14. Question 5 (10 pts) In time frame expansion in sequential testing, we “unroll” the circuit in time. Show this for the circuit in Problem 3, for 2 time frames. Assume there is a SA0 fault on the output of gate 1.

15. Question 6 (10 pts) Consider an embedded core with 8 functional inputs a[0:7], 11 functional outputs z[0:10], 9 internal scan chains of lengths 12, 12, 8, 8, 8, 6, 6, 6 and 6 scan cells each, and a scan enable SE. The test wrapper for the core will be connected to two TAMs – a 4-bit TAM and a 6-bit TAM. A signal c selects between them. Present a table for each TAM. In each table, for each wrapper scan chain, list the scan chains (# scan cells), wrapper input cells (# cells), wrapper output cells (# cells) that are included, along with its scan-in length (excludes wrapper outputs), and scan-out length (excludes wrapper inputs). What is the speedup in test time by using the 6-bit TAM instead of the 4-bit TAM? Using TAM4, in the worst case we need 20+21 = 41 cycles to scan in the input and scan out the results. Using TAM6, in the worst case we need 14+14 = 28 cycles to scan in the input and scan out the results. The speedup by using TAM6 is 41/28 = 1.46x. TAM4TAM6 1234123456 Scan chains12+8 =20 12+8 =20 8+6 =14 6+6+6 =18 12 8+6 =14 8+6 =14 8+6 =14 6 # input cells0062000008 # output cells0173210008 Scan-in length20 12 14 Scan-out length2021 141314

16. Question 7 (5 pts) How can one assign values to don’t care (X) bits in a scan pattern to reduce power dissipation during scan testing? If we copy the previous bit in the chain, known as adjacent filling, then the scan chain shift will only produce transitions where bits are changing from 0 to 1 or 1 to 0. Since the typical pattern has only about 1% care bits, then only about 1% of the scan cells will generate an input transition on each shift. Example: 101XXXX0110XXX 10111110110000 – 5 transitions per shift For capture cycles, we can attempt to fill the X bits so that they have the same value on launch and capture.

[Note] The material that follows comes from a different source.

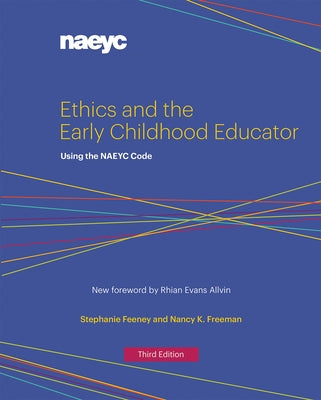Ethics and the Early Childhood Educator: Using the Naeyc Code Paperback National Association for the Education of You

17. Question 8 (5 pts) Why is it easier to detect bridging faults with IDDQ test instead of detecting erroneous logic values? IDDQ provides 100% observability if the bridged fault has a 0-1 or 1-0 across it. There is no need to propagate the value to an output, so no need to set necessary assignments for observability. It is only necessary to set the 0-1 or 1-0 sensitization. This means that more faults can be detected per pattern. Another interpretation is that it can detect bridges that do not cause a logic fault. These might be delay faults or IDDQ-only failures.

18. Question 9 (5 pts) What is the key assumption we usually make about failures when building fault-tolerant systems? We assume a single fault in the system. For example, triple modular redundancy will always correct any single fault, but cannot handle more than one. We also assume that the faults are independent.

19. Question 10 (5 pts) How do X values on a circuit output cause problems in logic BIST? If using a MISR on the output, each captured X means the MISR could be in two possible states, so for n X outputs, the MISR could be in 2 n states, and one of those states could alias to the fault-free state.

20. Question 11 (5 pts) What is the basic idea in using BIST to test reconfigurable FPGAs? We can have the FPGA test itself. Some logic blocks can be configured as LFSRs and others as MISRs, to test the logic or the interconnect in between. The configuration is changed to move the LFSRs and MISRs around and their connectivity to test everything.